El siglo XIII, repensando las críticas de Abelardo a Guillermo de Champeaux, alcanzó una síntesis más equilibrada, señalando que el universal es «unum in multis et de multis», o sea, algo que se dice de muchos (vertiente lógica), pero que está realmente en muchas cosas (vertiente óntica o extramental); en definitiva, que el universal se dice propiamente de muchos, porque esas cosas así denominadas son en la realidad de un modo determinado que justifica que de ellas se predique de verdad, y no arbitrariamente, el mismo universal. Por ejemplo: se dice la noción «perro» de todos los perros, porque el concepto «perro» expresa algo común y real en todos ellos y sólo en ellos.
B) TRINITOLOGÍA Y CRISTOLOGÍA
La cuestión de los universales incidió directamente en el tratado sobre la Santísima Trinidad. Abelardo había sido discípulo de Roscelino de Compiègne en Locmenach, cerca de Vannes (Bretaña), antes de viajar a París y disputar con Guillermo de Champeaux.
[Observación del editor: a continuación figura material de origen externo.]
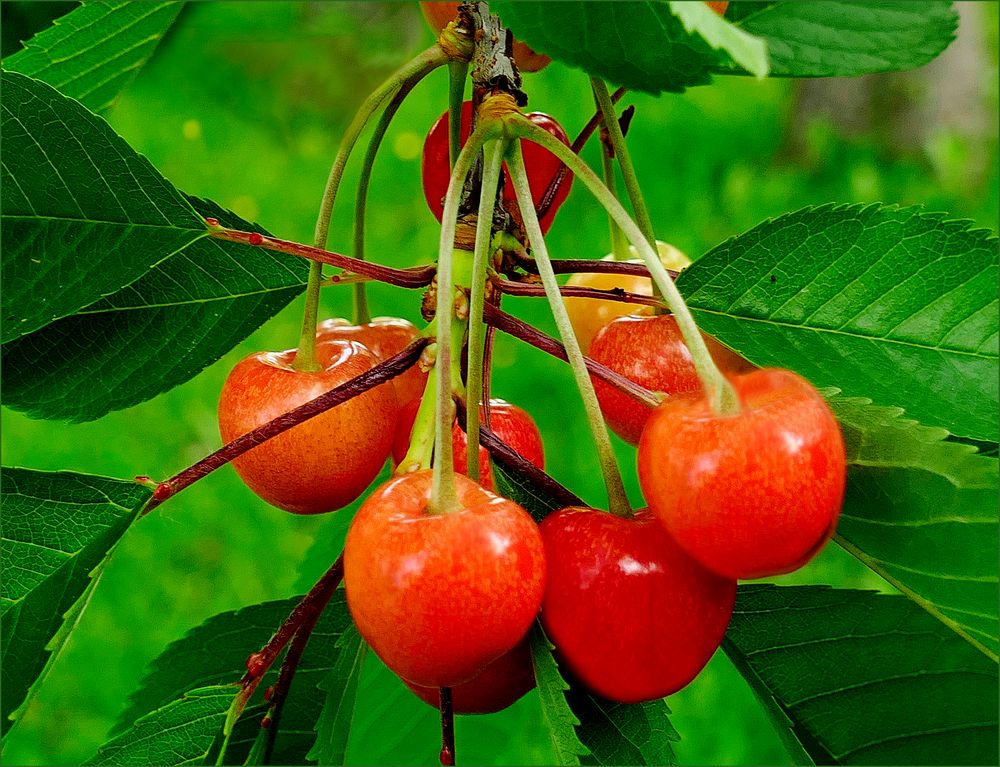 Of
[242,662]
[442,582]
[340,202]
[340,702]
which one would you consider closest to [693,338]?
[442,582]

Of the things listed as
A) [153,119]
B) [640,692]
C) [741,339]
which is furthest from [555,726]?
[153,119]

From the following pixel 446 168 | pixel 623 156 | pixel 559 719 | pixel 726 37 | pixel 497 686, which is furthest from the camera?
pixel 446 168

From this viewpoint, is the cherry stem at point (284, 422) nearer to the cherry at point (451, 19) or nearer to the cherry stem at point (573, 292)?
the cherry stem at point (573, 292)

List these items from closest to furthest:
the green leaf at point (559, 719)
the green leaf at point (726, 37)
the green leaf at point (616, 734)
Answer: the green leaf at point (726, 37), the green leaf at point (559, 719), the green leaf at point (616, 734)

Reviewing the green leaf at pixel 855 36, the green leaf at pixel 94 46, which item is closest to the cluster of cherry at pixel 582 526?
the green leaf at pixel 855 36

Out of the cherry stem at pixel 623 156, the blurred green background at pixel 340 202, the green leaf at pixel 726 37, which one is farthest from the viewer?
the blurred green background at pixel 340 202

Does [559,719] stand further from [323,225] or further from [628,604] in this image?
[323,225] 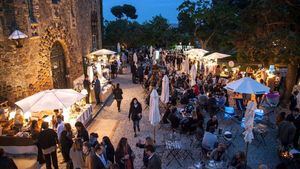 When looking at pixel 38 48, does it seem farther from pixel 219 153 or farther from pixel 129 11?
pixel 129 11

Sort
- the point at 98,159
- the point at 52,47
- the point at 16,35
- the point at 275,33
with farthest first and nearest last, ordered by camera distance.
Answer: the point at 52,47 → the point at 275,33 → the point at 16,35 → the point at 98,159

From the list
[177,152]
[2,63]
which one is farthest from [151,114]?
[2,63]

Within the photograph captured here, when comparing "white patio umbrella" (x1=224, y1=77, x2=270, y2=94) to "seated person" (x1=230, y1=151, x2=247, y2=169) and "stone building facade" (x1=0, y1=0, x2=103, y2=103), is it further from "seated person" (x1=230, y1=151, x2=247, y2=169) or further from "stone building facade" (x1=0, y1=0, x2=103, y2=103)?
"stone building facade" (x1=0, y1=0, x2=103, y2=103)

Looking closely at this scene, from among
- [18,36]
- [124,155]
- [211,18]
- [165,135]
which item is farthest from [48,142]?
[211,18]

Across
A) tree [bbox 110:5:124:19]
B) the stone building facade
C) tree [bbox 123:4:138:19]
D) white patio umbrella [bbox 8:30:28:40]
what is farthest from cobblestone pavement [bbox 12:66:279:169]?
tree [bbox 123:4:138:19]

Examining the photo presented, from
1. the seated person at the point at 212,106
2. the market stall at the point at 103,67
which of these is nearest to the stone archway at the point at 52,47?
Result: the market stall at the point at 103,67

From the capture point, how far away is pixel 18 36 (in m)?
10.5

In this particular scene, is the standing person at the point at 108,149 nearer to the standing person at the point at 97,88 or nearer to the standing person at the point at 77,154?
the standing person at the point at 77,154

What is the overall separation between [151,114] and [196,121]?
171 cm

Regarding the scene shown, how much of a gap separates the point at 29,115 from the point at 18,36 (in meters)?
3.05

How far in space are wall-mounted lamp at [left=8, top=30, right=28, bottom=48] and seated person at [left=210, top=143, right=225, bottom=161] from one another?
322 inches

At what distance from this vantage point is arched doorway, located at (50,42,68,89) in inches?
558

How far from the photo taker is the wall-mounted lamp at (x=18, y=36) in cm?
1041

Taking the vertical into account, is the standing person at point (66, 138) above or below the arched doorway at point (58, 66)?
below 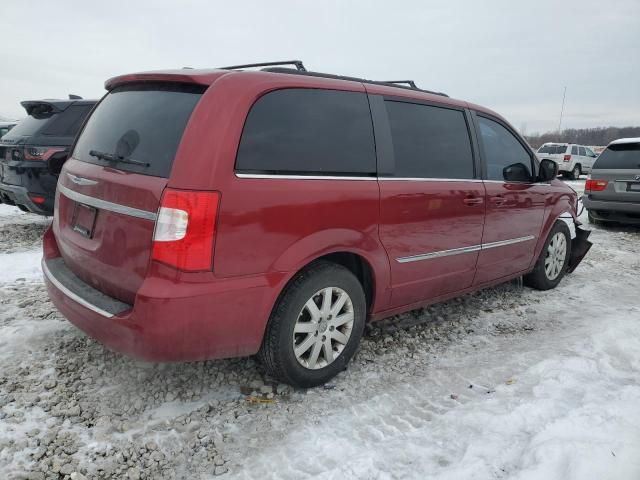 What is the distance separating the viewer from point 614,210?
839cm

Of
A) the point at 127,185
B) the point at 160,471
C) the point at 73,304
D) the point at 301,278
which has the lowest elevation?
the point at 160,471

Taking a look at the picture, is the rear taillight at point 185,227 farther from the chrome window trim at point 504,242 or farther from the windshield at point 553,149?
the windshield at point 553,149

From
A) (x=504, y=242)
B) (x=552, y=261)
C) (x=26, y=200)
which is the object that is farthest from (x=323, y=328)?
(x=26, y=200)

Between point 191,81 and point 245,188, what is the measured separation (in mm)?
651

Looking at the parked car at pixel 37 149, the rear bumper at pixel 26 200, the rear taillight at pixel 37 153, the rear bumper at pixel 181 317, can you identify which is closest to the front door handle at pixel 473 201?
the rear bumper at pixel 181 317

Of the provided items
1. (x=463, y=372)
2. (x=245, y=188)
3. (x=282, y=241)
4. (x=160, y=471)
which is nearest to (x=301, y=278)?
(x=282, y=241)

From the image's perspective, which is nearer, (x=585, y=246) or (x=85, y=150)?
(x=85, y=150)

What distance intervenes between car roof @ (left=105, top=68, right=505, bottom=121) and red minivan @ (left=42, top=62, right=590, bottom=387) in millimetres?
12

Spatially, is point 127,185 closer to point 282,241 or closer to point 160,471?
point 282,241

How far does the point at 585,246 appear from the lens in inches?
210

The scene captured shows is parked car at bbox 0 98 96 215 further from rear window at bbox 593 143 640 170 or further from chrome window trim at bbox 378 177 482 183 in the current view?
rear window at bbox 593 143 640 170

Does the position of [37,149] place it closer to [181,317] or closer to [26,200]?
[26,200]

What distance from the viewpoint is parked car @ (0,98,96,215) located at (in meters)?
5.77

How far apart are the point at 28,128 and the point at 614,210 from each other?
945 centimetres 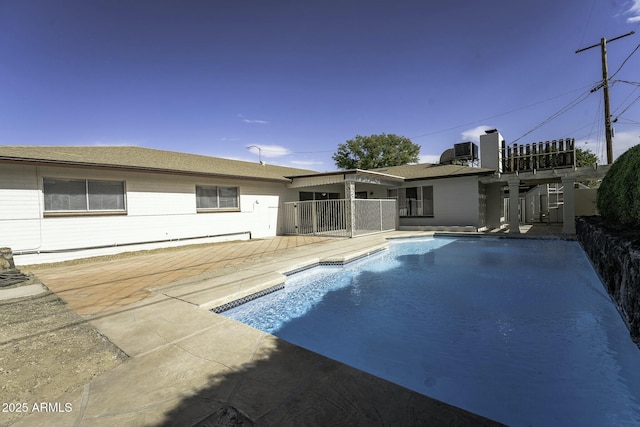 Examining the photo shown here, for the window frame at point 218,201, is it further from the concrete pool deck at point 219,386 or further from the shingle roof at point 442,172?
the shingle roof at point 442,172

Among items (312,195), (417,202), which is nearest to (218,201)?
(312,195)

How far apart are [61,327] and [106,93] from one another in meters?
10.4

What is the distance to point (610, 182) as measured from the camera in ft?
24.8

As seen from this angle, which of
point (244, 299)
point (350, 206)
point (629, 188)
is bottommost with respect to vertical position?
point (244, 299)

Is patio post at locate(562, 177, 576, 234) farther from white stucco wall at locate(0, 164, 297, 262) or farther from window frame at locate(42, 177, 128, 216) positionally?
window frame at locate(42, 177, 128, 216)

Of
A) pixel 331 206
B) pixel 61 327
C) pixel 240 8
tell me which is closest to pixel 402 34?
pixel 240 8

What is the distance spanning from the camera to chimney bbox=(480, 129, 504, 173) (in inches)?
601

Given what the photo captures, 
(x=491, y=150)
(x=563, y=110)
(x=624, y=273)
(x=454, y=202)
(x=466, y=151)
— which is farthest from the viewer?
(x=466, y=151)

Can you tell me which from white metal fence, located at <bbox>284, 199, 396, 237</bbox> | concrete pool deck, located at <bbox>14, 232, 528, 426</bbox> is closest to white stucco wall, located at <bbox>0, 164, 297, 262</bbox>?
white metal fence, located at <bbox>284, 199, 396, 237</bbox>

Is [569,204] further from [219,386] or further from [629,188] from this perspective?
[219,386]

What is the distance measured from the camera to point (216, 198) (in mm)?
11234

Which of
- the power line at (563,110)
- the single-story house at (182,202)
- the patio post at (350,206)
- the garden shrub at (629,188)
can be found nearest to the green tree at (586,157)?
the power line at (563,110)

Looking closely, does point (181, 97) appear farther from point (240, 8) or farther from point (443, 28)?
point (443, 28)

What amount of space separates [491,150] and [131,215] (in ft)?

Como ya se ha dicho, aunque criticó el hiperrealismo (como antes también lo había hecho Roscelino), subrayando el aspecto lógico de los universales, a la vez detectó que los universales tienen algún fundamento en la realidad. Denominó «estado» a esa realidad común a todas las cosas, de las cuales se predica una misma idea universal. Sin embargo, no supo concretar qué era el «estado» y, por ello, algunos coetáneos lo encasillaron en el grupo de los «nominalistas».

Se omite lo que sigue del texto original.